JACARANDA BLOSSOMS: In Santa Monica the season began for this most admirable chamber-music series, and I cannot remember (or even want to remember) a better-imagined, better-played program supercharged with the pleasure of discovery that you could somehow feel and share on either side of the stage.

Ben Johnston’s Fourth Quartet has been co-opted by Jacaranda’s Denali Quartet; its brash and aggressive harmonies seem to generate hordes of new friends with every playing. (I heard it first at a private concert, with the 85-year composer in pleased attendance, some months ago. The work is a set of free variations on the old Slavey hymn-tune “Amazing Grace”; and Johnston, music’s great renegade, has made free use of the harmonies of old-time organs and fiddles, as if to return to its own nativity. The Denali has made it their own – progressively so; this was my fourth hearing. The partnership of Jacaranda’s programming genius and the young energy of its performing forces has created an inimitable standard in local music-making.

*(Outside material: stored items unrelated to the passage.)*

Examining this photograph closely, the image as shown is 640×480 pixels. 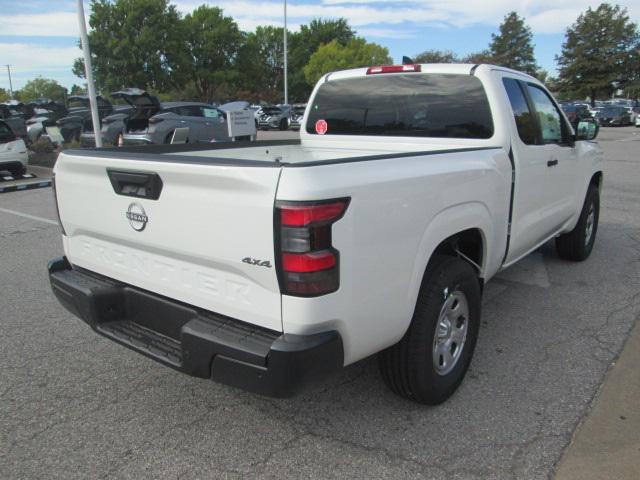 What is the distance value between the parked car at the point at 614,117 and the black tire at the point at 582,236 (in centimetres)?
3428

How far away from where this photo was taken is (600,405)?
2891 mm

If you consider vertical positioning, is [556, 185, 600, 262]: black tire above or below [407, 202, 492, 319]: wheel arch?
below

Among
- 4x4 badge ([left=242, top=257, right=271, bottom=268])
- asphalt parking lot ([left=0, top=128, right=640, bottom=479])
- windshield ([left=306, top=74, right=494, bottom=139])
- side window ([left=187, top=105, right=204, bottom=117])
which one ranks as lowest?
asphalt parking lot ([left=0, top=128, right=640, bottom=479])

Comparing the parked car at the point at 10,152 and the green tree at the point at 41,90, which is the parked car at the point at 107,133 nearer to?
the parked car at the point at 10,152

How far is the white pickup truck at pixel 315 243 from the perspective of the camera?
203 cm

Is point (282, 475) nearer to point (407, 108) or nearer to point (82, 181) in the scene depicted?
point (82, 181)

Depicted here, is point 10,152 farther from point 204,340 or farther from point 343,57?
point 343,57

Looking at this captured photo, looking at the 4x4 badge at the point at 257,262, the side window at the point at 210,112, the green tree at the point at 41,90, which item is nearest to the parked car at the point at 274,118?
the side window at the point at 210,112

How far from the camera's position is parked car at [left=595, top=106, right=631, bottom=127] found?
35250 millimetres

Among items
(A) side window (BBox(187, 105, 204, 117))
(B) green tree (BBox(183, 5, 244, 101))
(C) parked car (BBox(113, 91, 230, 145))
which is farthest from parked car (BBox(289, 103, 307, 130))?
(B) green tree (BBox(183, 5, 244, 101))

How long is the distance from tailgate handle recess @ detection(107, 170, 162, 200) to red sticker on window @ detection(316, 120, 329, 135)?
7.17 feet

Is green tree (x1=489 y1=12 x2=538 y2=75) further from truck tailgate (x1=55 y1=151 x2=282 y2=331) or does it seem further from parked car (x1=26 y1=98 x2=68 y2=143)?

“Programming genius?” Saturday’s concert began with Morty Feldman’s Rothko Chapel,his evocation of that haunting Texas artwork for small chorus, drums and an ecstatic solo viola, the work of Feldman’s most easy to describe as “beautiful.”. Then came Ben Johnston’s Fourth Quartet, its radiance intensified by the handsome small church that  Jacaranda calls ome. Then – wonder of wonders!!—there came music from that legendary masterwork we all long to have in our midst, Einstein on the Beach: not with Bob Wilson’s magical, madcap sets and staging, but at least with half-an-hour of Philip Glass’s music, enough to intensify our craving for the entire work on a local stage sometime in our lifetime.

These were Einstein’s “Knee-Plays,” the interlude pieces that served as flexible joints between episodes. A chorus intoned  quick sequences of numbers, which in the original could be seen dancing on a back screen. A solo voice (KUSC’s Gail Eichenthal) intoned the near-jabberwock of an autistic child (the young Christopher Knowles back then, whom Wilson had adopted and groomed into an artistic career). A violinist (Joel Pargman) delivers roulades and cadenzas, symbolic of Einstein’s violinistic skills. If you have evolved a supicion that this doesn’t make sense, you just haven’t discovered the magnificent rationale of Einstein on the Beach.

Even unstaged, undanced and unorchestrated, this Einstein teaser — led by Mark Alan Hilt  and with the L.A. Children’s Chorus and with Sandra Tsing Loh and Ken Page also among the narrators – makes a convincing case for the whole kaboodle, and sometime soon. So, in fact did this entire superlative concert venture.